We recognise that the risk environment changes and evolves over time. Existing risks develop in new or unexpected ways and new risks, which are usually characterised by incomplete but developing knowledge, materialise. QBE operates emerging risk forums across the Group to identify and monitor these emerging risks, analyse their potential impact and develop strategies to mitigate or exploit opportunities.
Capital management is another key component of the ERM framework and aims to achieve the appropriate balance between our risk appetite and the amount of capital required to support each of our businesses. QBE uses a number of capital management tools to support the assessment of risk and allocation of capital including:
- QBE’s Economic Capital Model – QBE’s internal model, developed to measure overall exposure to risk as well as exposure to each of our main categories of risk, provides a quantitative base for us to understand, monitor and manage our exposures. We also use the model to make better business decisions, assess economic capital requirements and measure performance on a risk-adjusted basis.
- Analysis of regulatory and rating agency capital models – to better understand how regulatory and rating agencies assess the impact of our strategic decisions on our risk profile and capital requirements, we conduct financial modelling analysis with reference to the requirements of the various capital environments in which QBE operates.
- A number of bespoke risk assessment tools – we use catastrophe models, scenario analysis, stress tests and reverse stress tests to evaluate business plans and support our capital plan.

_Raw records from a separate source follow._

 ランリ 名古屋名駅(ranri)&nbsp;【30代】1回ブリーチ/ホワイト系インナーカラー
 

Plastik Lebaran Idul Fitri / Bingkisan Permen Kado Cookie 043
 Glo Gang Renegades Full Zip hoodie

Another key capital management tool is QBE’s Internal Capital Adequacy Assessment Process (ICAAP). The ICAAP is supported by both the Economic Capital Model and scenario analysis, and is used to:
- manage the capital held by QBE;
- monitor the risk profile against appetite;
- ensure the risks taken by QBE are commensurate with required returns;
- allocate capital to operating entities for planning and performance monitoring purposes; and
- analyse alternative reinsurance options and regulatory and rating agency submissions.
Investment, market, credit and liquidity risk
QBE actively manages its exposures to investment, market and credit risks that arise inherently from the management of a global insurance operation, including risks generated through:
- the management of a global investment portfolio;
- regular insurance activities and exposure to reinsurance counterparties; and
- global treasury operations, including exposures to foreign exchange movements, collateral management and bank counterparty risks.

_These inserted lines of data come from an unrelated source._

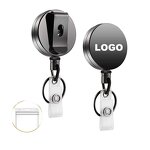 Badge Holder Factory - Metal Retractable ID Card Holder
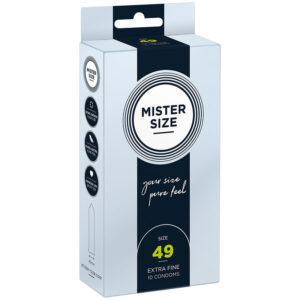 Vigoroso - MISTER SIZE - PRESERVATIVO TAMANHO S 49 MM (10 UNIDADES)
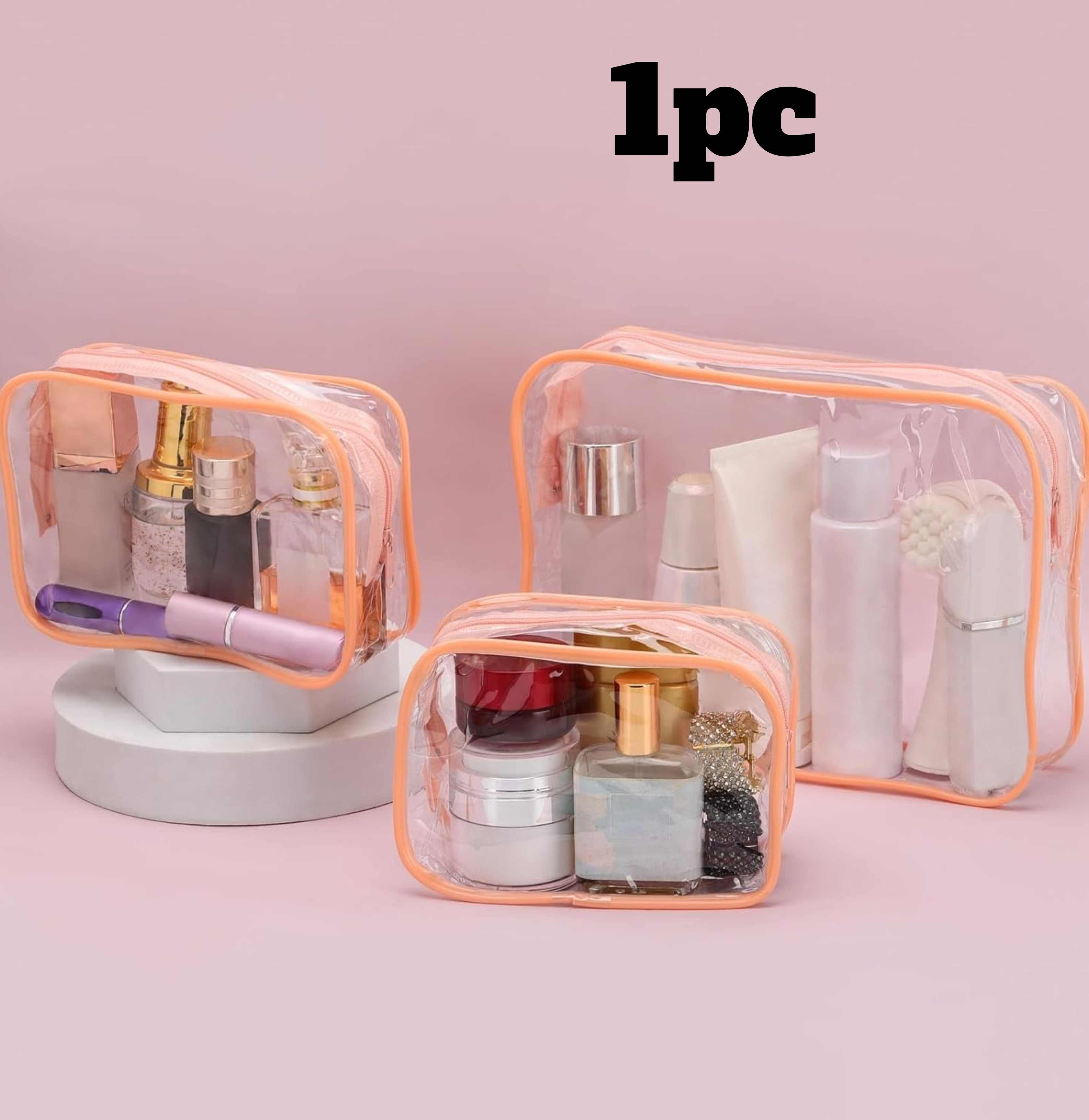 TOP SHOP Transparent PE Bags Travel Organizer Clear Makeup Bag
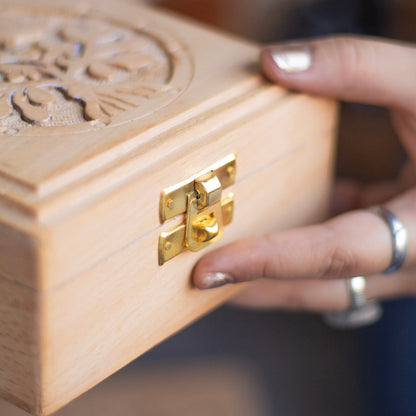 Tree of life carved wooden Box | Altarware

Risks to earnings due to material market movements, risk concentrations and changes to credit quality are identified, measured and controlled. These are subject to risk management frameworks and oversight within defined Board-approved risk appetites that are monitored through limits structures and specific delegated authorities.

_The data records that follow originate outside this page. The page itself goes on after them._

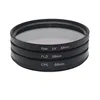 camera filter/digital 58mm Multi Coated Glass Lens Filter Kit, UV filter , CPL Polarizing & FLD filter with filter bag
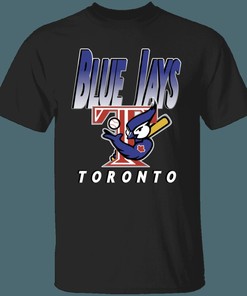 Retro Muscle Bird MLB T-Shirt Sweatshirt Hoodie Gifts for Toronto Blue Jays Fans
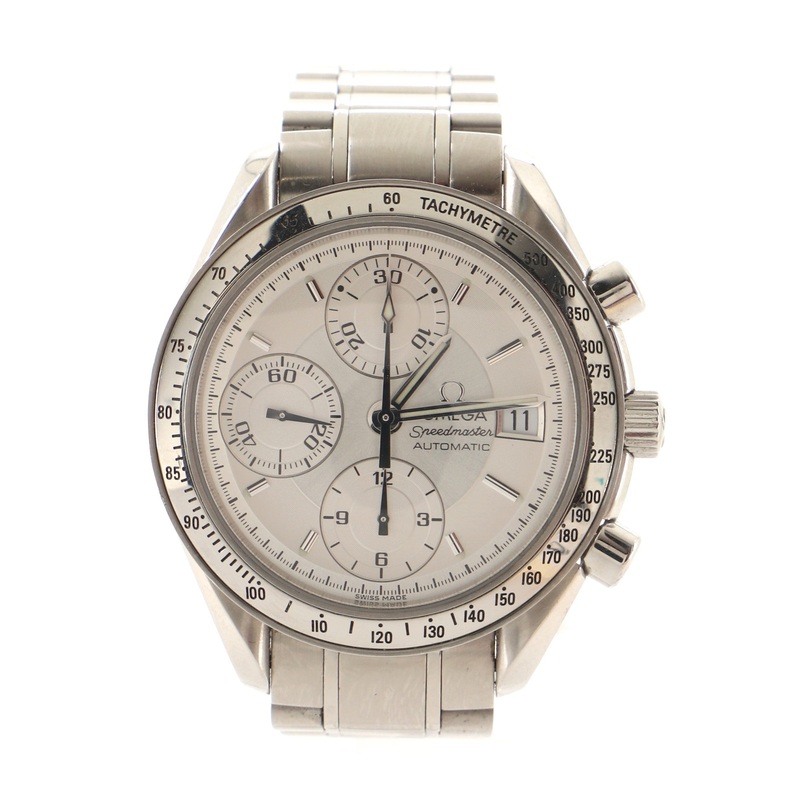 Speedmaster Date Chronograph Automatic Watch Stainless Steel 39 S744816635632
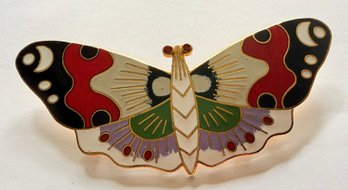 MMA (Metropolitan Museum Of Art) Enamel Butterfly Brooch/Pendant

QBE’s liquidity risk framework is designed to ensure that QBE has sufficient high-quality liquid assets at all times, including at times of severe stress, to meet our liabilities as they fall due. Liquidity risk is monitored against specified limits within the Board-approved risk appetite and supporting processes ensure that contingency plans are in place to address crisis situations.
As a global insurance group, QBE is subject to oversight by approximately 30 prudential regulatory regimes around the world, as well as extensive legal and regulatory requirements and obligations, industry codes and business and ethical standards across its business activities. To manage the regulatory and compliance risk we face as a global organisation, we combine local expertise with a globally consistent compliance framework. We continue to monitor regulatory developments in each of the markets the Group operates in.